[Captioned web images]
* * *

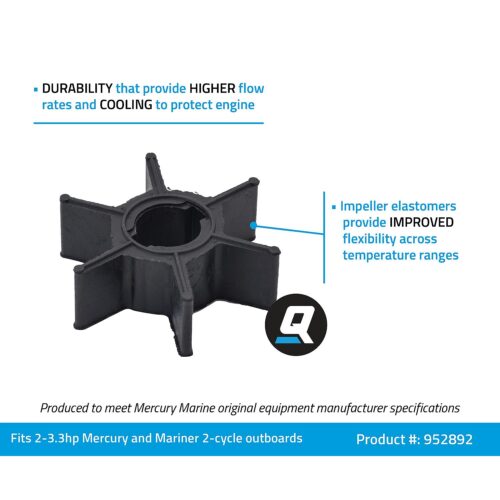Quicksilver 952892 Water Pump Impeller Mercury and Mariner 2-Cycle 3.3hp Outboards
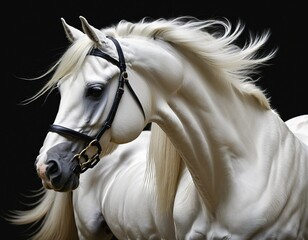  white horse stallion in bright colours 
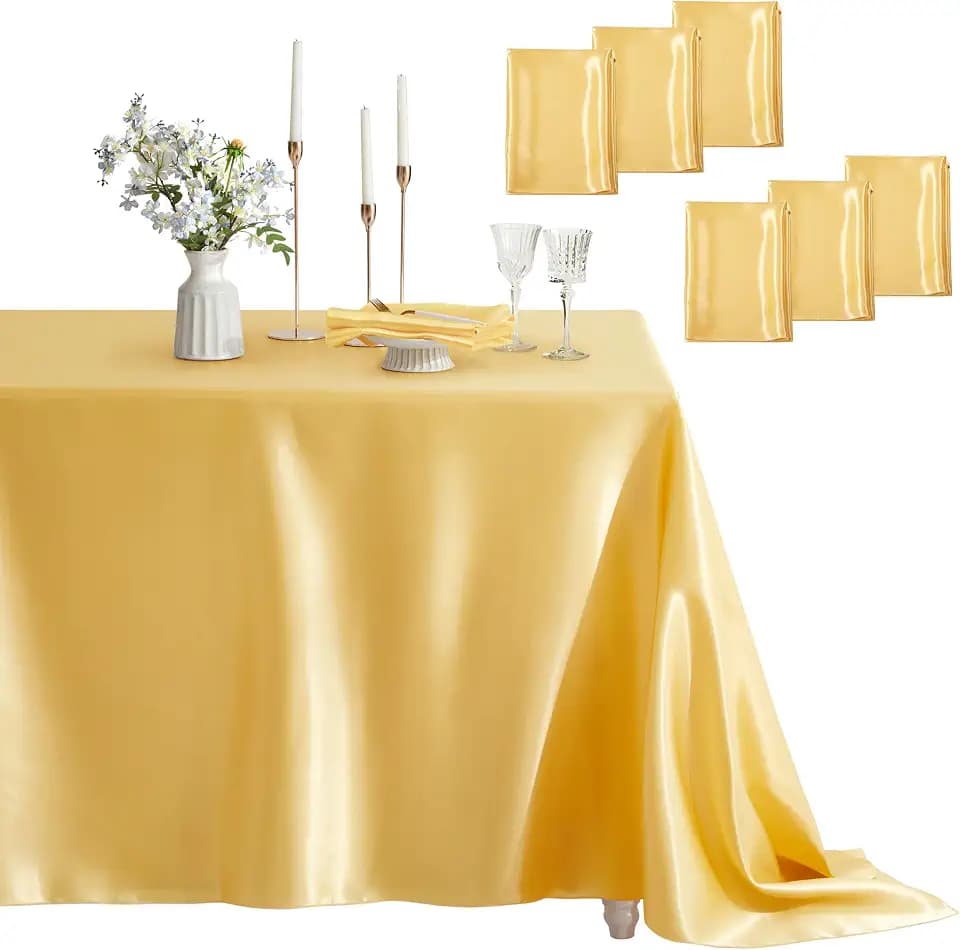 6 Pack Satin Table Cover Rectangle, Gold, 60 x 120 Inches
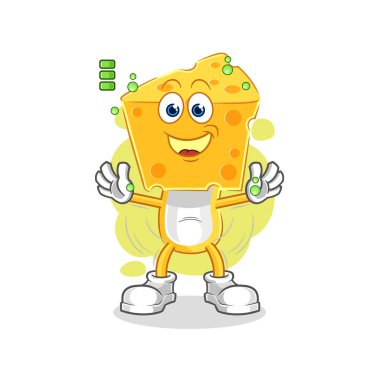 the cheese head full battery character. cartoon mascot vecto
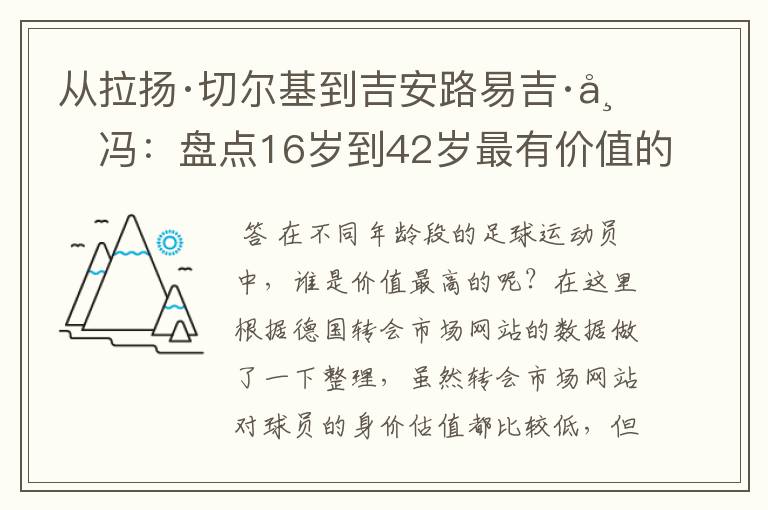 从拉扬·切尔基到吉安路易吉·布冯：盘点16岁到42岁最有价值的球员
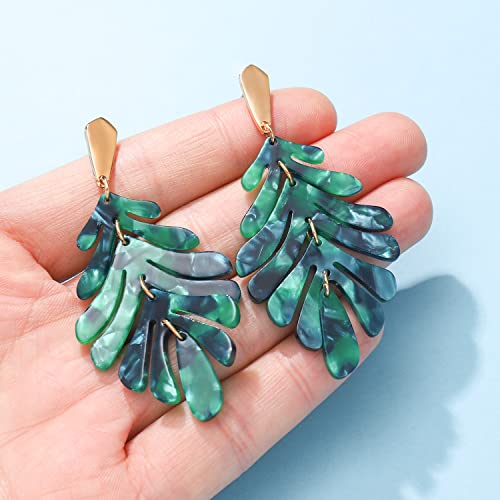 ARATLENCH Acrylic Pendant necklace Earrings – Long Statement Leaf Charm Necklace Tortoise Resin Palm Leaf Earrings Fashion Necklaces Earrings for Women - color: green-earrings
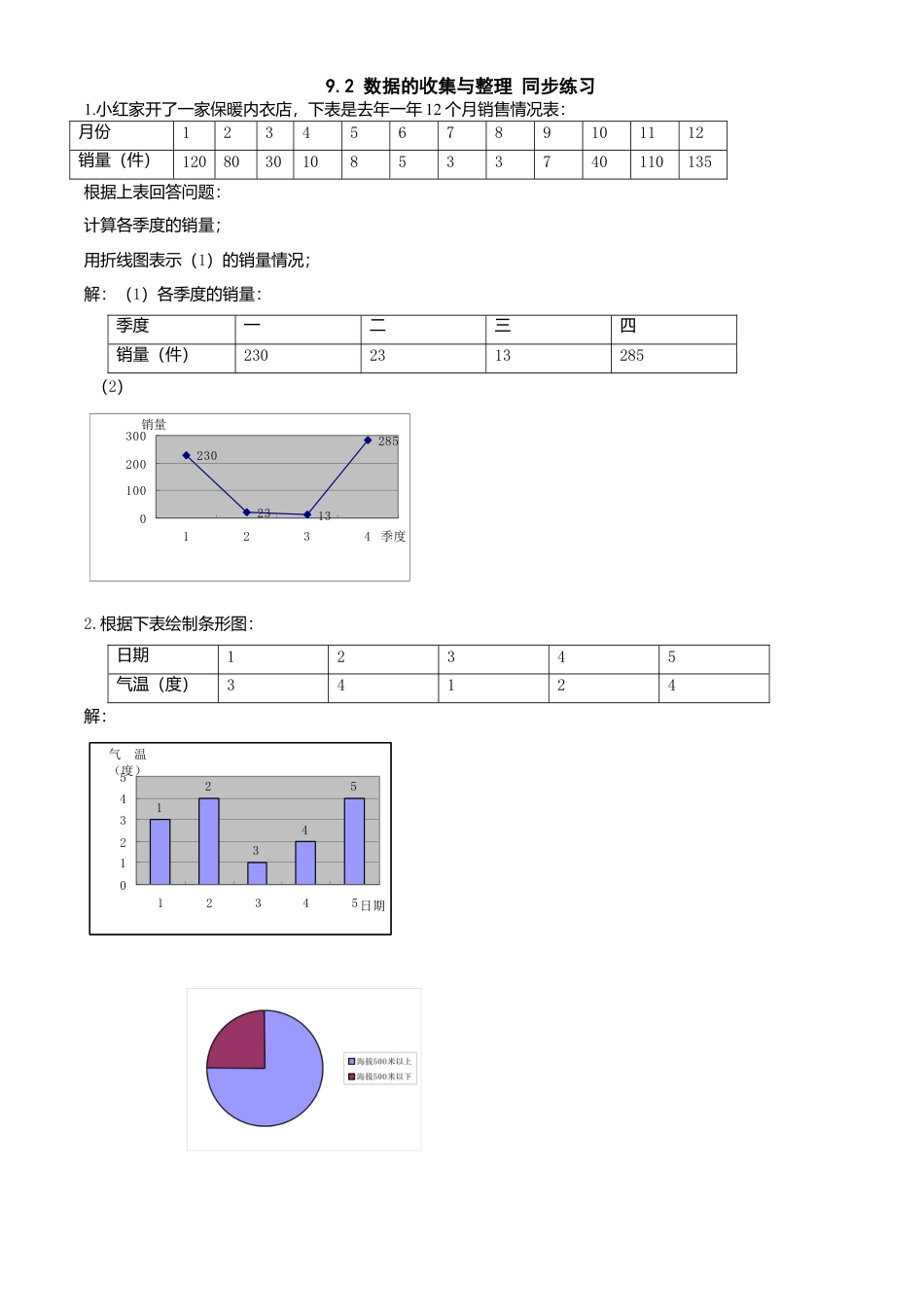 北京版初中数学七年级下册-9.2 数据的收集与整理 同步练习.doc_第1页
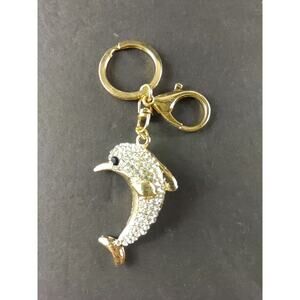 Dolphin Rhinestone Metal Keychain Purse Clip Charm
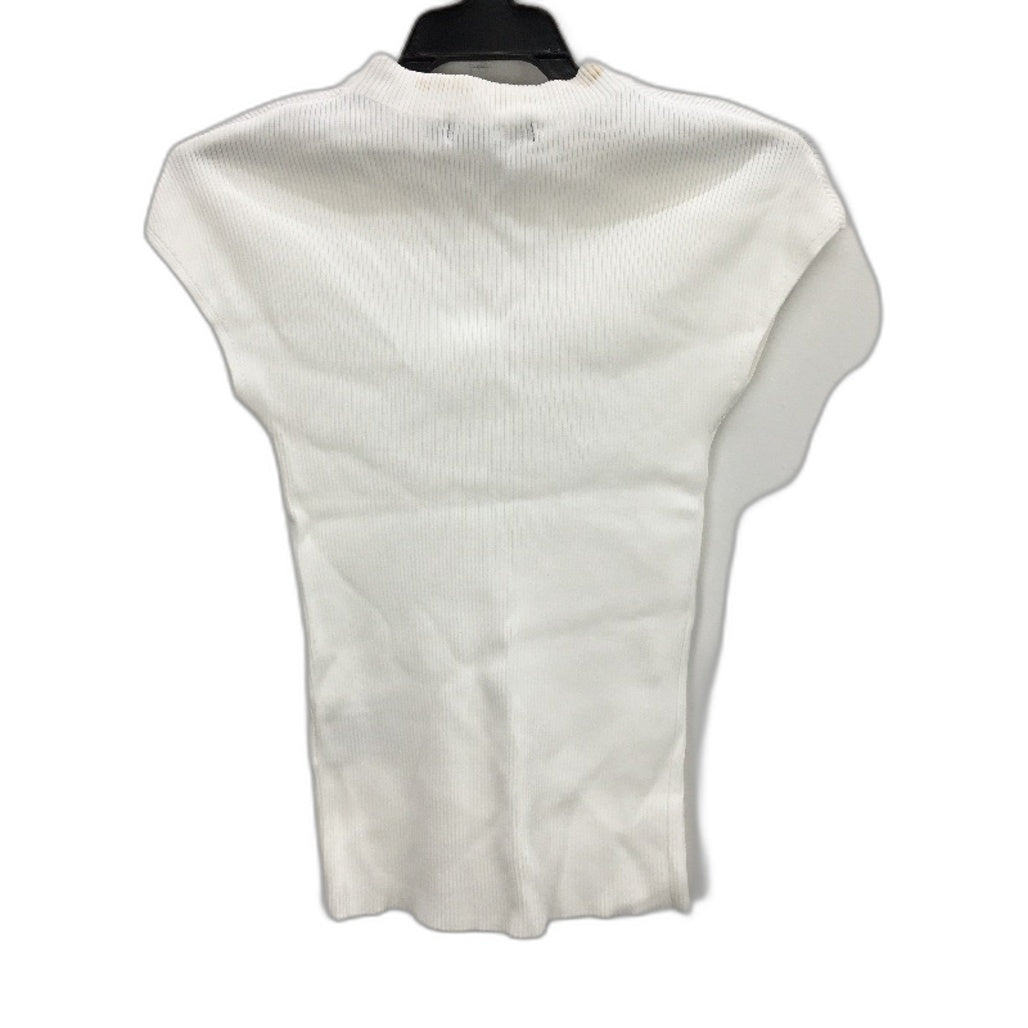 Portmans Juno Cloud Dancer White Mock Neck Fitted Knit Top - Soft Viscose/Nylon, Size XS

* * *

■ Your goal ■
With pictures omitted, reproduce exactly the lines from the line containing "white horse stallion in bright colours" through the end of the data above.

■ Completed task ■
  white horse stallion in bright colours 
 6 Pack Satin Table Cover Rectangle, Gold, 60 x 120 Inches
 the cheese head full battery character. cartoon mascot vecto
 从拉扬·切尔基到吉安路易吉·布冯：盘点16岁到42岁最有价值的球员
 ARATLENCH Acrylic Pendant necklace Earrings – Long Statement Leaf Charm Necklace Tortoise Resin Palm Leaf Earrings Fashion Necklaces Earrings for Women - color: green-earrings
 北京版初中数学七年级下册-9.2 数据的收集与整理 同步练习.doc_第1页
 Dolphin Rhinestone Metal Keychain Purse Clip Charm
 Portmans Juno Cloud Dancer White Mock Neck Fitted Knit Top - Soft Viscose/Nylon, Size XS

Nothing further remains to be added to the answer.